Earth observations that allow scientists to study and monitor our planet are being gathered at unprecedented rates and volume. New and innovative approaches are required to extract knowledge from these vast data resources. The goal of this work is to provide an easier way for researchers to analyse and draw insights from these large datasets. IBM’s foundation model technology has the potential to speed up the discovery and analysis of these data in order to quickly advance the scientific understanding of Earth and response to climate-related issues. 

Technologies to extract insights from observations of Earth

IBM and NASA plan to develop several new technologies to extract insights from Earth observations. One project will train an IBM geospatial intelligence foundation model on NASA’s Harmonized Landsat Sentinel-2 (HLS) dataset, a record of land cover and land use changes captured by Earth-orbiting satellites. By analysing petabytes of satellite data to identify changes in the geographic footprint of phenomena such as natural disasters, cyclical crop yields, and wildlife habitats, this foundation model technology will help researchers provide critical analysis of our planet’s environmental systems.

Another output from this collaboration is expected to be an easily searchable corpus of Earth science literature. IBM has developed an NLP model trained on nearly 300,000 Earth science journal articles to organise the literature and make it easier to discover new knowledge. Containing one of the largest AI workloads trained on Red Hat’s OpenShift software to date, the fully trained model uses PrimeQA, IBM’s open-source multilingual question-answering system. Beyond providing a resource to researchers, the new language model for Earth science could be infused into NASA’s scientific data management and stewardship processes.

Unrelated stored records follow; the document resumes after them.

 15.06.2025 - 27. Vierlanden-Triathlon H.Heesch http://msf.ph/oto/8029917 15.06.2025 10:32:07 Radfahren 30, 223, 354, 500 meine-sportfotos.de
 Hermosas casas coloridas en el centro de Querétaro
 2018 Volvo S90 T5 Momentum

“The beauty of foundation models is they can potentially be used for many downstream applications,” said Rahul Ramachandran, Senior Research Scientist at NASA’s Marshall Space Flight Center in Huntsville, Alabama. “Building these foundation models cannot be tackled by small teams,” he added. “You need teams across different organisations to bring their different perspectives, resources, and skill sets.” 

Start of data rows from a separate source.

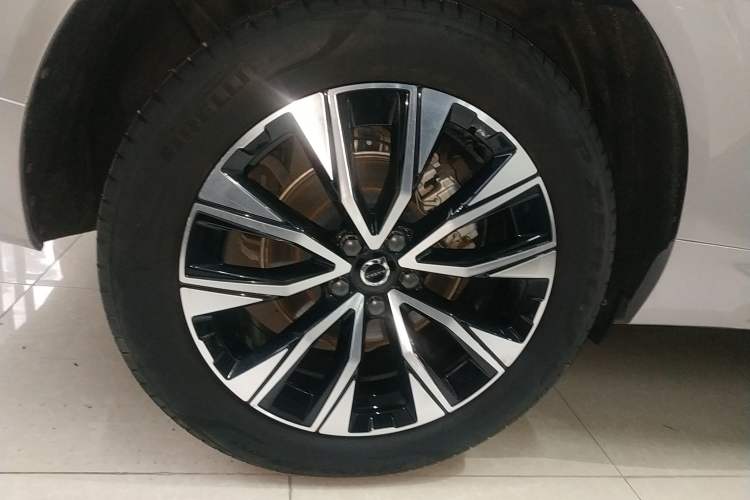 Used Volvo XC60 2024 B5 4x4 Smart Luxury Edition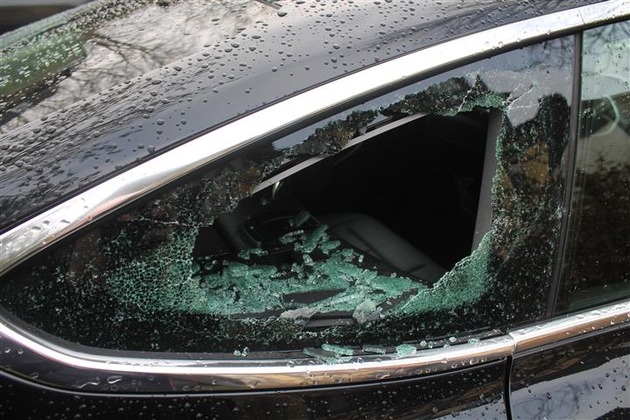POL-PPKO: Autos aufgebrochen - Täter haben es auf BMW-Ausstattungen abgesehen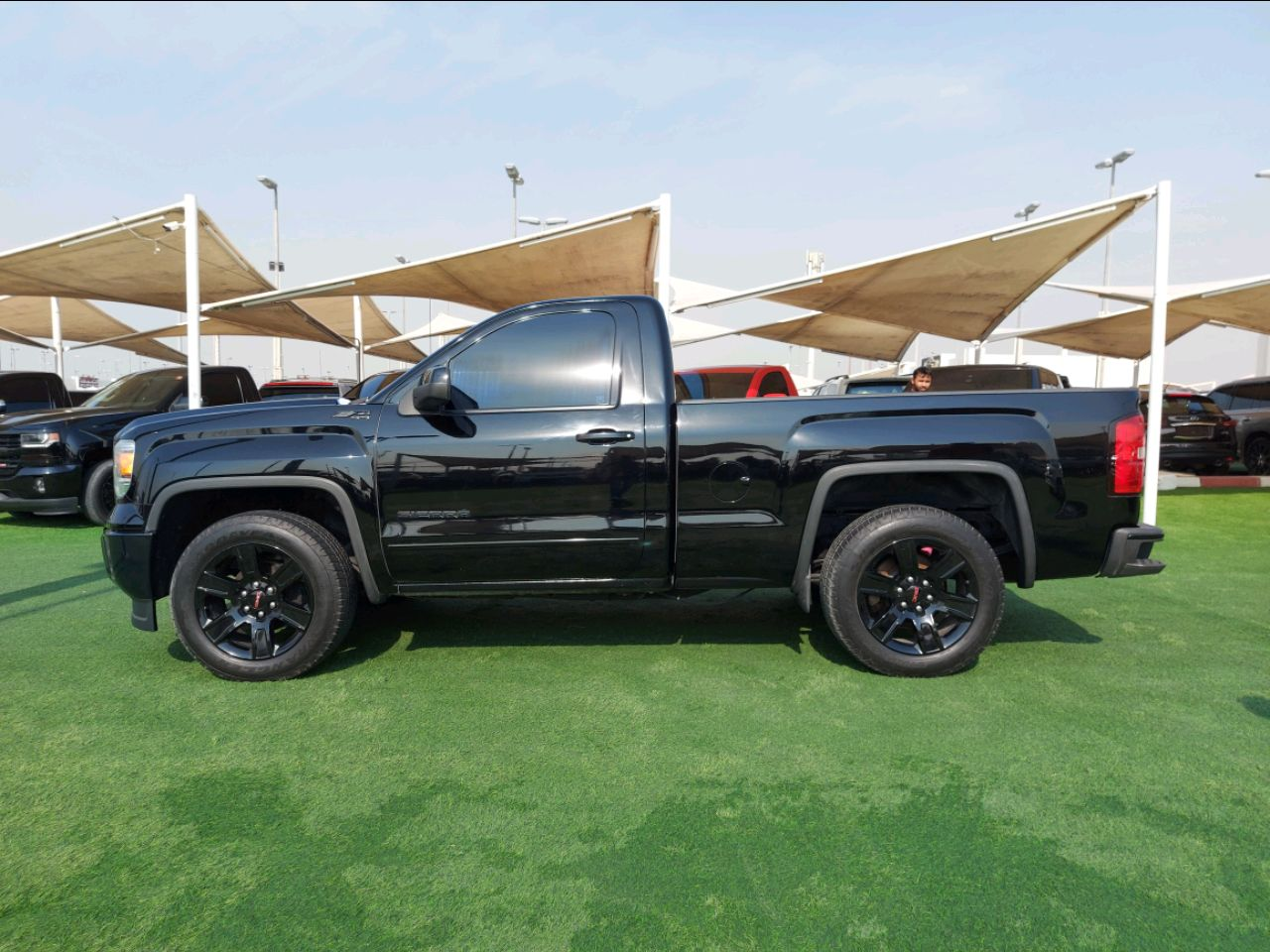 GMC Sierra - Image 5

“Foundation models have proven successful in natural language processing, and it’s time to expand that to new domains and modalities important for business and society,” said Raghu Ganti, Principal Researcher at IBM. “Applying foundation models to geospatial, event-sequence, time-series, and other non-language factors within Earth science data could make enormously valuable insights and information suddenly available to a much wider group of researchers, businesses, and citizens. Ultimately, it could facilitate a larger number of people working on some of our most pressing climate issues.”

Other potential IBM-NASA joint projects in this agreement include constructing a foundation model for weather and climate prediction using MERRA-2, a dataset of atmospheric observations. This collaboration is part of NASA’s Open-Source Science Initiative, a commitment to building an inclusive, transparent, and collaborative open science community over the next decade.